Launch, grow, and unlock your career in data

August 24, 2010

Updated Agenda: August Atlanta Tableau User Group Meeting

No comments

The next ATUG meeting will be August 26 @ 1PM ET

Who - All ATUG members and guests

What – The August in person hands on meeting

Where - Norfolk Southern building located at 1200 Peachtree St NE. Atlanta, GA 30309 -Peachtree room


  1. SPECIAL GUEST: Rina Bongsu-Petersen - Winner of the Tableau Read Write Web DataViz Contest
    Sneak Preview:
  2. Guest Speaker: Joe Mako - Benefits of Preprocessing Data
  3. Drawing lines on maps - Andy Piper, Norfolk Southern
  4. Team project – tick tock, tick tock - show us what you’ve got

-- This will be a hands on session - Bring your laptop and Tableau with you --

August 9, 2010

Should you use a log scale vs. zero-based scale for comparisons?

No comments
I finished re-reading Show Me the Numbers by Stephen Few last week and in Chapter 10 there is a discussion about Scale Lines, a subsection of which is devoted to logarithmic scales. Stephen made one particular recommendation that caught my eye (p. 199):
    "Whenever you want to compare differences in values as a ratio or percentage, logarithmic scales will do the job nicely. They are especially useful in time-series relationships if you wish to compare ratios of change across time."

On p. 200, Few goes on to say:
    "When you use lines to encode time-series along a logarithmic scale, angles that are the same tell you that the rate of change is the same."

Personally, I try, whenever possible, to avoid using a logarithmic scale. They tend to be very difficult to interpret and, for me, it's much easier to understand a graph that shows % change on a zero-based axis. Let's look at an example of both starting with a bar chart.

On this bar chart, it's challenging, but you could make the assumption that both bars are changing at the same rate. This same chart is much easier to read as a line chart like the following:

On this line chart, it is much easier to see how both line have roughly the same angle of ascent leading you to believe that they have approximately equal rates of change.

However, if you look at the same line chart, but with a zero-based axis, you get a much different message:

You can now much more clearly see that the percentage change year to year for the two measures is very different. (NOTE: I have hidden 2001 from this chart because it is the reference point from which the measures begin.) In fact, the logarithmic scale would lead you to believe that there is a positive percent change, however, it is clear from this zero-based line chart that it's quite to opposite.

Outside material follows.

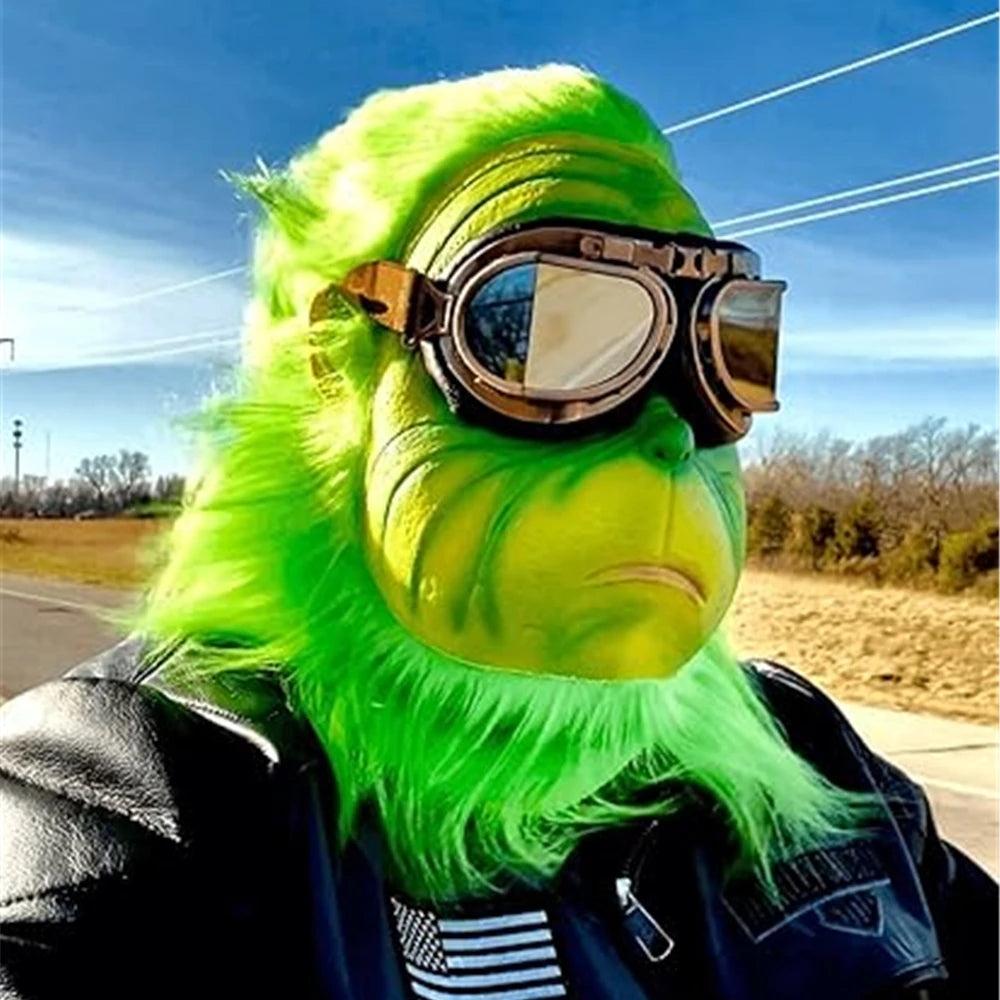 Christmas Green Monster Mask with Santa Hat & Gloves by HitMyNeed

In the end, I urge caution when using logarithmic scale and my suggestion would be to use a zero-based scale to represent percentage change whenever you can.

August 6, 2010

Tableau Public: Afghanistan War Logs

1 comment
This is the first workbook I've published to Tableau Public. You can click just about anywhere and the visualization will update.

It's pretty obvious that nearly all of the activity is on the Afghanistan/Pakistan border. At least that has been reported relatively accurately.

August 3, 2010

Tableau Tip: Using the COUNTD function with Excel

At the July 2010 Atlanta Tableau User Group meeting I was demonstrating how to create a Pareto chart in Tableau using the Superstore Sales dataset. Since I am a curious fellow, I plotted a reference line at 80% so that I could determine how many customers represent 80% of the profit. But wait, when you're using Excel as your data source, you cannot use the count distinct (COUNTD) function.

According to Tableau's documentation, you cannot count the distinct number of items in a group, e.g., the distinct number of customers. Here is the actual text from their website:

    Returns the number of distinct items in a group. Null values are not counted. This function is not available if you are connected to MS Excel, MS Access, or a text file. You can extract your data into an extract file to gain this functionality.

I thought I hit a wall. But I was determined and came up with a workaround. If you'll note in the graph above, there are 8 customer records. This is the number of records for that specific mark when you use the COUNT function; it's counting up the number of records in the dataset with that specific customer's name.

What I really wanted to know was how many customers are there to the left of 80%, i.e., the number of distinct customers. How did I do it?

First, I created a calculated field called # of Customers.

The formula is incredibly simplistic. Divide the count of customer records by the count of customer records. The result will always be one.

Next, add this calculated field to the Level of Detail shelf and create the Running Total of the Sum calculation as seen below.

Lastly, annotate the mark that's closest to 80%. Eureka! We have now identified that 145 distinct customers account for 80% of the profit.

I've only been able to get this calculation to count properly when working with a running total calculation and you have to create the calculated field for each of your dimensions, but at least it works in some situations.

In merely a minute or two you could easily identify that 345 products account for 50% of the sales.